Employment in the agriculture sector by gender. Note scale of y-axis. Source: Data from the International Labour Organization Key Indicators of the Labour Market

Employment in the agriculture sector by gender. Note scale of y-axis. Source: Data from the International Labour Organization Key Indicators of the Labour Market

In addition to identifying specific needs for women farmers with respect to climate services, I will also be reviewing approaches to providing such services. In doing so, I hope to determine what the practical challenges to providing equitable climate services are and how those challenges may influence women farmers’ needs with respect to content, format, and accessibility. This includes exploring gender-differentiated access to resources such as land or agricultural financing mechanisms, roles in agricultural decision-making, level of and access to education, and other roles and responsibilities such as family care.
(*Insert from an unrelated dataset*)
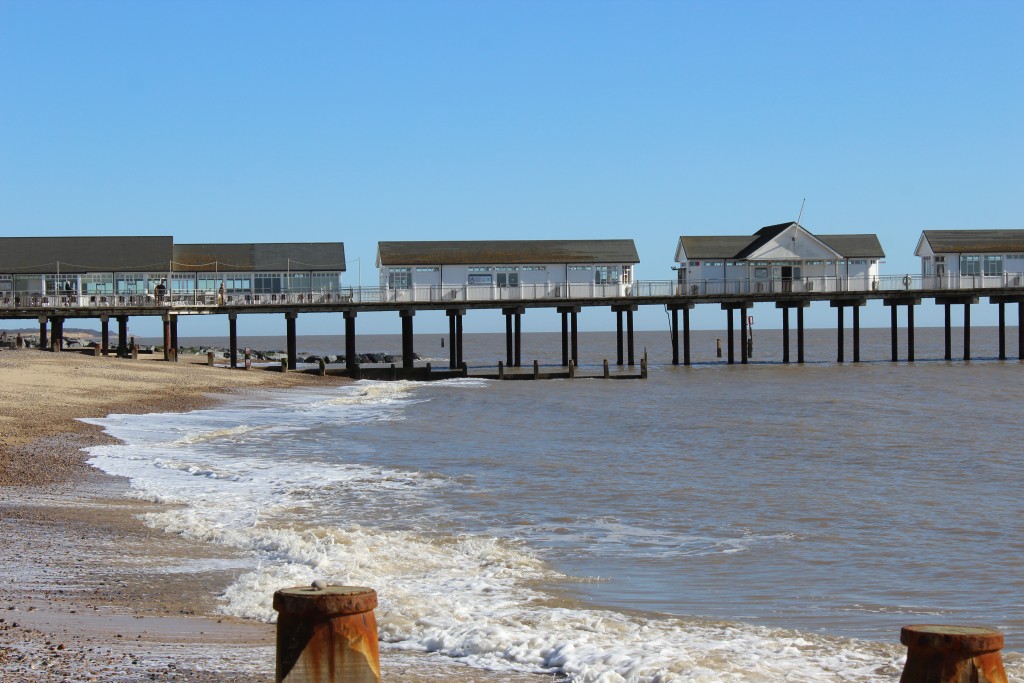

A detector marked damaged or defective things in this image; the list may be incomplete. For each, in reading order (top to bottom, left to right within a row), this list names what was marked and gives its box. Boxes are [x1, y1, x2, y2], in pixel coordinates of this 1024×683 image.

rusty wooden post [272, 581, 380, 683]
rusty wooden post [901, 626, 1003, 683]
For example, the maps below show the distribution of agricultural holders disaggregated by sex. An agricultural holder, as defined by the Food and Agriculture Organization, is the person “who makes the major decisions regarding resource use and exercises management control over the agricultural holding operation.” Thus, while women make up over 50 percent of the agricultural labor force in low-income countries, employment in the agriculture sector does not necessarily equate to management responsibilities or decision-making power.

Tiff 2

Tiff 3

Source: Food and Agriculture Organization of the United Nations Gender and Land Rights Database

When I asked the woman who worked at the pineapple plantation if I could take a photograph of her, she was more than happy to oblige. She was wearing a bandanna on her head, but she decided to remove it for the photograph. After I took the photograph, she wrote down her name and address for me. I intended to send her a print of the photo after returning home and distilling her spirit and dignity on to a 4×6 sheet of photo paper in the darkroom.

I never sent the photo and she is now nameless because, to this day, I have not been able to find the place where she wrote her contact information. I was certain her name was recorded in the margin of a page in my Taiwan guidebook or in my small book of crossword puzzles. When I move or organize my belongings, I still search the memorabilia from my summer in Taiwan for her name, hoping that I somehow overlooked it in previous scans of any books or documents with margins or the space for a name.

In essence, that is what I am doing summer — scanning to see what we, scientists and practitioners, have overlooked in our efforts to meet the needs of women farmers who may be at the margins of agricultural policies and services. Doing this will hopefully help us identify actions to establish and sustain contact with these farmers, to support them in being agents of change, and to make space for their names and voices in the institutions, organizations, and decision-making processes that impact their livelihoods.